Ser hermano, hijo o pariente de un famoso puede ser una maldición, como en el caso de los Hemingway o los Kennedy, pero también es un comodín, como le ocurre a la mayoría de los que crecen con una fama que luego heredan por osmosis. En el mundo del showbiz hay cientos de ejemplos (seamos honestos: ni Julian Lennon ni Enrique Iglesias hubieran pasado la primera vuelta en un programa de talentos), pero en política el asunto es bastante más serio: usar ese comodín se llama nepotismo y su práctica es casi tan condenable a nivel moral como el incesto.

"Ser hermano, hijo o pariente de un famoso puede ser una maldición, pero también es un comodín”.

Benjamin Franklin, uno de los padres fundadores de Estados Unidos, escribió que las acciones viciosas no son dañinas porque están prohibidas, sino que están prohibidas porque son dañinas. Napoleón lo aprendió a porrazos, cuando no halló nada mejor que instalar a su inepto hermano José “Pepe Botella” en el trono de España, un arrebato de amor fraternal que le costó el reino. La historia política enseña que permutar ética por lealtad familiar no es la mejor idea, pero la sed de los poderosos por la sangre de su sangre es insaciable. Pensemos en los clanes Roosevelt, Kennedy, Clinton o el mismísimo Trump.

Con el arribo del magnate a la Casa Blanca, el nepotismo se convirtió en una política de Estado. Ivanka, su hija mayor, pasó a ser su asistente, y su cuñado, Jared Kushner, fue designado alto consejero presidencial. Ninguno había tenido jamás una carrera política ni un cargo público: Trump instaló a su familia en el gobierno como si el despacho oval fuera una monarquía medieval o una pata más de su imperio inmobiliario. “Si no fuera mi hija, su vida sería mucho más fácil”, dijo el presidente sobre su primogénita, la misma que en 2009 publicó La carta Trump: jugando para ganar en el empleo y en la vida.

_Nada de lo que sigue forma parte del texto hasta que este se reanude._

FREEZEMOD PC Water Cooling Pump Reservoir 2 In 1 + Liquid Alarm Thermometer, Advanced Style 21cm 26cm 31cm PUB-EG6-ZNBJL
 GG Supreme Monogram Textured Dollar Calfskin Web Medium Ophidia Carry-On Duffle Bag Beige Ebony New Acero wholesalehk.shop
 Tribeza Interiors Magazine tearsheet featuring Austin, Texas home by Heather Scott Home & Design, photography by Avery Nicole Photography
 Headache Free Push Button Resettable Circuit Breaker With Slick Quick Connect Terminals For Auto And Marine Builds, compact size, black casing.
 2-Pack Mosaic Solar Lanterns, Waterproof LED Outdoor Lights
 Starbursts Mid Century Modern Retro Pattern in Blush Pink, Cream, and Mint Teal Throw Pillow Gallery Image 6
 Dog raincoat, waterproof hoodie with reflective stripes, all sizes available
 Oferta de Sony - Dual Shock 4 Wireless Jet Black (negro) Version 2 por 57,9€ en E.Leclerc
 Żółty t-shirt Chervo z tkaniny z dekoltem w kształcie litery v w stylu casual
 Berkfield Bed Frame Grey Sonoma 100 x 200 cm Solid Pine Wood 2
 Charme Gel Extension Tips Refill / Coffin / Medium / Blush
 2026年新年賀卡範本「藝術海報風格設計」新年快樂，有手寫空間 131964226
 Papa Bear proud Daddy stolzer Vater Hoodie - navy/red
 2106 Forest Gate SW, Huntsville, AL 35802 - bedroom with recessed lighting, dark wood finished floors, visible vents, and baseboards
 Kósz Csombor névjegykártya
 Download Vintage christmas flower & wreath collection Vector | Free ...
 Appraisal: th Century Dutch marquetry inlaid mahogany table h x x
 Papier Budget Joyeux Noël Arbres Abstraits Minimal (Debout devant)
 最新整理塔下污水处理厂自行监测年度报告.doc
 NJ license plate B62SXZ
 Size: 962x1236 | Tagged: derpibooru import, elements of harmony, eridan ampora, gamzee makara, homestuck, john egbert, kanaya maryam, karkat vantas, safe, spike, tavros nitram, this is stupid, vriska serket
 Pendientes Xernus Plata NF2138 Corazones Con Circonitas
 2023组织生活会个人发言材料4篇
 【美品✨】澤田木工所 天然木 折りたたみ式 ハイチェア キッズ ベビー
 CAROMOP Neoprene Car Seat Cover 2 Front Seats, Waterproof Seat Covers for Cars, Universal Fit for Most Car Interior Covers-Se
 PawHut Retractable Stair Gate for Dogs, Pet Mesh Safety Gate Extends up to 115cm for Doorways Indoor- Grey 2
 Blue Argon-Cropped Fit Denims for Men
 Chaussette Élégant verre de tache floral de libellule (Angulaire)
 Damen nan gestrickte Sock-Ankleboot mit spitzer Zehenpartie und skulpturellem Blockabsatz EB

La porfía de Trump de mezclar familia, negocios y política le está pasando la cuenta. Kushner y Donald Trump Jr. son hoy los eslabones más débiles de la trama rusa, la supuesta jugada de Putin para dañar a Hillary Clinton—, pero la adicción al incesto político es universal. En Francia, país donde estaba Trump cuando estalló el último episodio del Russiagate, se estima que hay 102 empleos familiares remunerados en la Asamblea Nacional. Mitterrand puso a su hijo como consejero de Estado, Sarkozy quiso hacer algo similar con su retoño cuando aún era estudiante, y el candidato François Fillon perdió las últimas elecciones por crearle un empleo ficticio a su mujer.

Mientras en Estados Unidos Trump tiene a su yerno siendo investigado por el FBI y a uno de sus hijos llamado a comparecer ante el Senado, en el país de Emmanuel Macron aprendieron la lección y hoy se discuten dos proyectos de ley en vistas a moralizar la vida política y prohibir, entre otras cosas, la contratación de parientes. Hastiados de la sinvergüenzura, los franceses no perdonaron más altruismos familiares y guillotinaron a todos los que cayeron en el vicio, incluyendo a un ministro de Macron, Richard Ferrand. En EE.UU., en tanto, gente como Eric Trump ni se ruboriza al decir que el nepotismo no sólo es un factor de la vida, sino también “es hermoso”.

Poco después de que John F. Kennedy nombrara fiscal general a su hermano Robert, el Congreso aprobó en 1967 una ley antinepotismo que hoy, frente a Trump, quedó chica. Hubiera pasado lo mismo con Hillary Clinton —alguna vez propuso un cargo para su marido, Bill—, y pasa también en Turquía, Rusia y Pakistán, donde “los hijos de” manejan el poder en las sombras. No hay amor más grande que el de los padres por sus hijos, pero como lo recuerda el psicoanálisis, la sociedad se funda en la exogamia: tal vez no estaría mal que Trump y otros políticos leyeran un poco más a Freud y Lacan.